Inloggen
voeg je verhaal toe

Verhalen

Nereïde

Wij zeewezens, wij hebben de macht in en over het water. Ik ben een nereïde en al mijn vrouwelijke familieleden zijn net zo mooi als ik. Wij nereïden zijn de verleidelijksten onder de zeewezens. Wij klinken over zee, zoals kerkklokken beieren over land; mooier nog dan de najaden zongen voor Odysseus.

Aeolus, god van de wind, is mijn vriend. Zijn stormen brengen mij vaak een nieuwe geliefde, dat is waarom ik hou van windkracht tien.

Ik woon in zee. Geen melusine, met 2 staarten, als wilde zij een mens gelijken met 2 benen, kan tippen aan mijn weelderig krullende staart, vol kleuren van zon, zee en parelmoer. Geen nimf of ondine waagt zich in onze schaduw, want wij steken ze de loef af in schoonheid èn verleidingskunst. Wij bedrijven de liefde als Aphrodite zelf.
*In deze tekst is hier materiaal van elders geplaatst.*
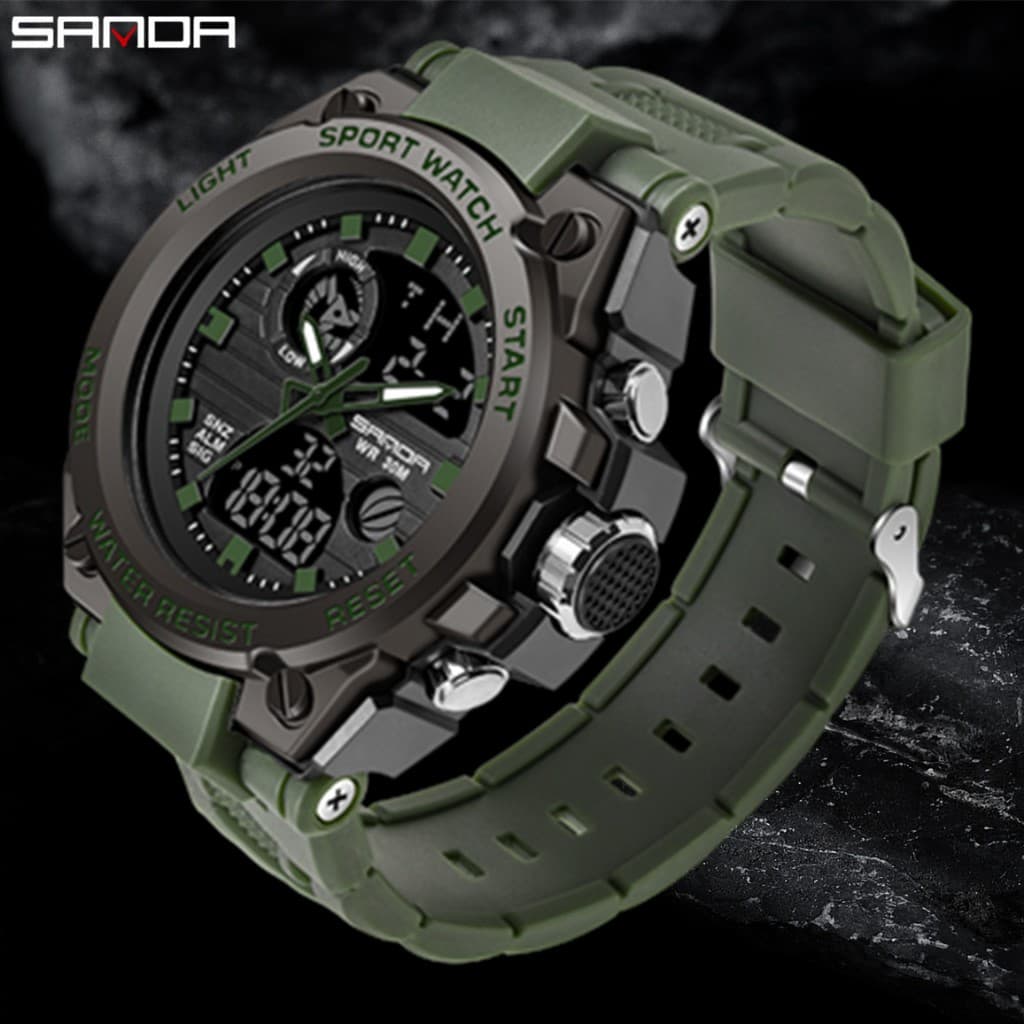 Relógio Militar SANDA Estilo G Relógios Esportivos Masculinos 50M À Prova D'água De Pulso De Quartzo LED Digital De Alarme Militares Homens 739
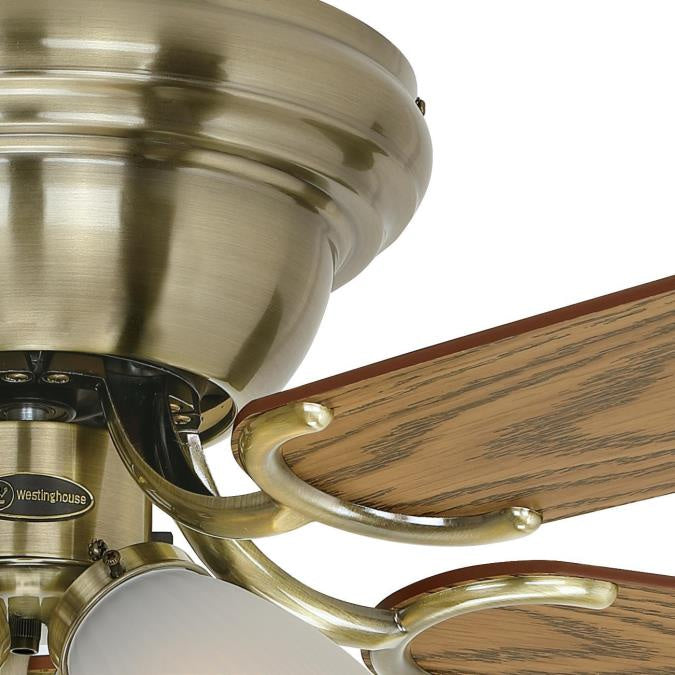 Westinghouse Contempra Iv 7232200 Ceiling Fan - Antique Brass, Oak / Walnut/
Als ik het spel speel, wil ik het met niemand delen zelfs met mijn zusters niet. Mijn staart is zo gracieus, dat elke zeeman voor mij valt. Zelfs Zeus valt op mij. Zo sierlijk als ik door het water speer met mijn slanke onderlijf, sterk als een walvissenstaart, dat doet geen najade uit de rivieren mij na. Hun staarten zijn niet zo lang en sierlijk. Ondanks alle naijver onderling houden wij allen van de wind, liefst kracht tien, bij zeevarenden zo gevreesd.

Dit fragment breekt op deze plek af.